In the first weeks of November, hedge funds revealed the stocks they're betting on, and data also showed the ones they're betting against. 

Goldman Sachs analyzed 833 hedge funds with $2.1 trillion in gross equity positions — including $700 billion short positions — for its Hedge Fund Trend Monitor report released November 18. 

From the analysis, Goldman compiled its "Very Important Short Position List" as a short hedge against the most-loved stocks firms own.

The list contains 50 S&P 500 companies with the highest dollar value of short interest outstanding, excluding companies on the long list and stocks with more than 10% of float-adjusted shares held short. The total dollar value of short interest outstanding is used as an estimate of hedge fund short portfolio holdings, according to the report. 

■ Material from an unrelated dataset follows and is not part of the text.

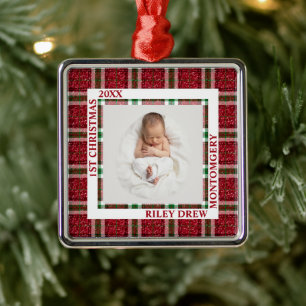 Baby-Foto auf Weihnachtsplaid Ornament Aus Metall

"Short positions continue to contribute alpha, lifting the average equity hedge fund to a 10% YTD return," Goldman analysts wrote in the report. That still lagged the S&P 500 index return of 27% for the same period.

After a few "sluggish" months, hedge fund performance is sharply rebounding in the fourth quarter, according to Goldman. The "Very Important Short" basket has lagged the S&P 500 by 6 percentage points this year, and stocks with the highest short interest as a share of market cap have returned a median of -5% year-to-date, according to the report. 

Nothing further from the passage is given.